Fix concatenate/slice_update vjp + reduce binary size (#1735)

* fix concatenate vjp + reduce binary size * also cast in slice update
2025-10-29 23:15:09 +08:00 · 2025-01-02 16:36:33 -08:00
parent ae69cb15e9
commit 6fa0501387
4 changed files with 38 additions and 26 deletions
--- a/mlx/backend/metal/kernels/copy.metal
+++ b/mlx/backend/metal/kernels/copy.metal
@@ -12,21 +12,24 @@
  instantiate_kernel("g1_copy" #tname, copy_g_nd1, itype, otype, int)   \
  instantiate_kernel("g2_copy" #tname, copy_g_nd2, itype, otype, int)   \
  instantiate_kernel("g3_copy" #tname, copy_g_nd3, itype, otype, int)   \
-  instantiate_kernel("gg1_copy" #tname, copy_gg_nd1, itype, otype, int) \
-  instantiate_kernel("gg2_copy" #tname, copy_gg_nd2, itype, otype, int) \
-  instantiate_kernel("gg3_copy" #tname, copy_gg_nd3, itype, otype, int) \
  instantiate_kernel("gn2_copy" #tname, copy_g, itype, otype, 2, int)   \
-  instantiate_kernel("ggn2_copy" #tname, copy_gg, itype, otype, 2, int) \
  instantiate_kernel("g1large_copy" #tname, copy_g_nd1, itype, otype)   \
  instantiate_kernel("g2large_copy" #tname, copy_g_nd2, itype, otype)   \
-  instantiate_kernel("g3large_copy" #tname, copy_g_nd3, itype, otype)   \
-  instantiate_kernel("gg1large_copy" #tname, copy_gg_nd1, itype, otype) \
-  instantiate_kernel("gg2large_copy" #tname, copy_gg_nd2, itype, otype) \
-  instantiate_kernel("gg3large_copy" #tname, copy_gg_nd3, itype, otype) \
-  instantiate_kernel("gn4large_copy" #tname, copy_g, itype, otype, 4)   \
-  instantiate_kernel("ggn4large_copy" #tname, copy_gg, itype, otype, 4)
+  instantiate_kernel("g3large_copy" #tname, copy_g_nd3, itype, otype)
+
+#define instantiate_copy_same(tname, type)                            \
+  instantiate_kernel("gg1_copy" #tname, copy_gg_nd1, type, type, int) \
+  instantiate_kernel("gg2_copy" #tname, copy_gg_nd2, type, type, int) \
+  instantiate_kernel("gg3_copy" #tname, copy_gg_nd3, type, type, int) \
+  instantiate_kernel("ggn2_copy" #tname, copy_gg, type, type, 2, int) \
+  instantiate_kernel("gg1large_copy" #tname, copy_gg_nd1, type, type) \
+  instantiate_kernel("gg2large_copy" #tname, copy_gg_nd2, type, type) \
+  instantiate_kernel("gg3large_copy" #tname, copy_gg_nd3, type, type) \
+  instantiate_kernel("gn4large_copy" #tname, copy_g, type, type, 4)   \
+  instantiate_kernel("ggn4large_copy" #tname, copy_gg, type, type, 4)

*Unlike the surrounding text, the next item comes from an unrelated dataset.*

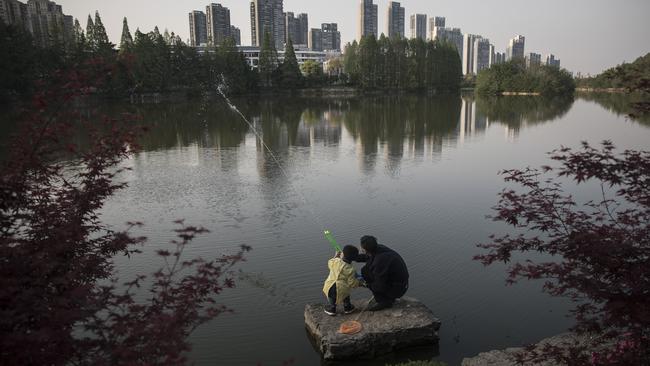 Images of a city waking from a deep sleep: A boy and his grandfather play with a water pistol at East Lake. Picture: Getty Images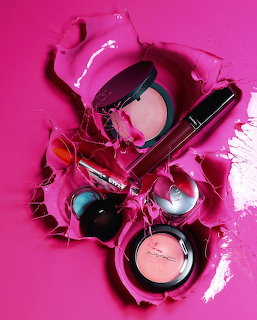 Various makeup products like compacts and lipstick arranged on a bright pink background with smeared cosmetics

 #define instantiate_copy_itype(itname, itype)                \
+  instantiate_copy_same(itname ##itname, itype)              \
  instantiate_copy_all(itname ##bool_, itype, bool)          \
  instantiate_copy_all(itname ##uint8, itype, uint8_t)       \
  instantiate_copy_all(itname ##uint16, itype, uint16_t)     \
--- a/mlx/ops.cpp
+++ b/mlx/ops.cpp
@@ -708,19 +708,19 @@ array slice_update(
  auto [has_neg_strides, upd_shape] =
      normalize_slice(src.shape(), start, stop, strides);

-  // Broadcast update shape to slice shape
-  auto update_broadcasted = broadcast_to(update, upd_shape, s);
+  // Cast update to src type and broadcast update shape to slice shape
+  auto upd = broadcast_to(astype(update, src.dtype(), s), upd_shape, s);

  // If the entire src is the slice, just return the update
  if (!has_neg_strides && upd_shape == src.shape()) {
-    return astype(update_broadcasted, src.dtype(), s);
+    return upd;
  }
  return array(
      src.shape(),
      src.dtype(),
      std::make_shared<SliceUpdate>(
          to_stream(s), std::move(start), std::move(stop), std::move(strides)),
-      {src, update_broadcasted});
+      {src, upd});
 }

 /** Update a slice from the source array with stride 1 in each dimension */
@@ -869,7 +869,7 @@ array clip(
 }

 array concatenate(
-    const std::vector<array>& arrays,
+    std::vector<array> arrays,
    int axis,
    StreamOrDevice s /* = {} */) {
  if (arrays.size() == 0) {
@@ -915,6 +915,9 @@ array concatenate(

  // Promote all the arrays to the same type
  auto dtype = result_type(arrays);
+  for (auto& a : arrays) {
+    a = astype(a, dtype, s);
+  }

  return array(
      std::move(shape),
@@ -923,14 +926,11 @@ array concatenate(
      std::move(arrays));
 }

-array concatenate(
-    const std::vector<array>& arrays,
-    StreamOrDevice s /* = {} */) {
-  std::vector<array> flat_inputs;
+array concatenate(std::vector<array> arrays, StreamOrDevice s /* = {} */) {
  for (auto& a : arrays) {
-    flat_inputs.push_back(flatten(a, s));
+    a = flatten(a, s);
  }
-  return concatenate(flat_inputs, 0, s);
+  return concatenate(std::move(arrays), 0, s);
 }

 /** Stack arrays along a new axis */
--- a/mlx/ops.h
+++ b/mlx/ops.h
@@ -211,11 +211,8 @@ array clip(
    StreamOrDevice s = {});

 /** Concatenate arrays along a given axis. */
-array concatenate(
-    const std::vector<array>& arrays,
-    int axis,
-    StreamOrDevice s = {});
-array concatenate(const std::vector<array>& arrays, StreamOrDevice s = {});
+array concatenate(std::vector<array> arrays, int axis, StreamOrDevice s = {});
+array concatenate(std::vector<array> arrays, StreamOrDevice s = {});

 /** Stack arrays along a new axis. */
 array stack(const std::vector<array>& arrays, int axis, StreamOrDevice s = {});
--- a/python/tests/test_autograd.py
+++ b/python/tests/test_autograd.py
@@ -620,6 +620,18 @@ class TestAutograd(mlx_tests.MLXTestCase):
        x = mx.zeros((2, 4, 8))
        self.assertEqual(mx.grad(fun)(x).shape, (2, 4, 8))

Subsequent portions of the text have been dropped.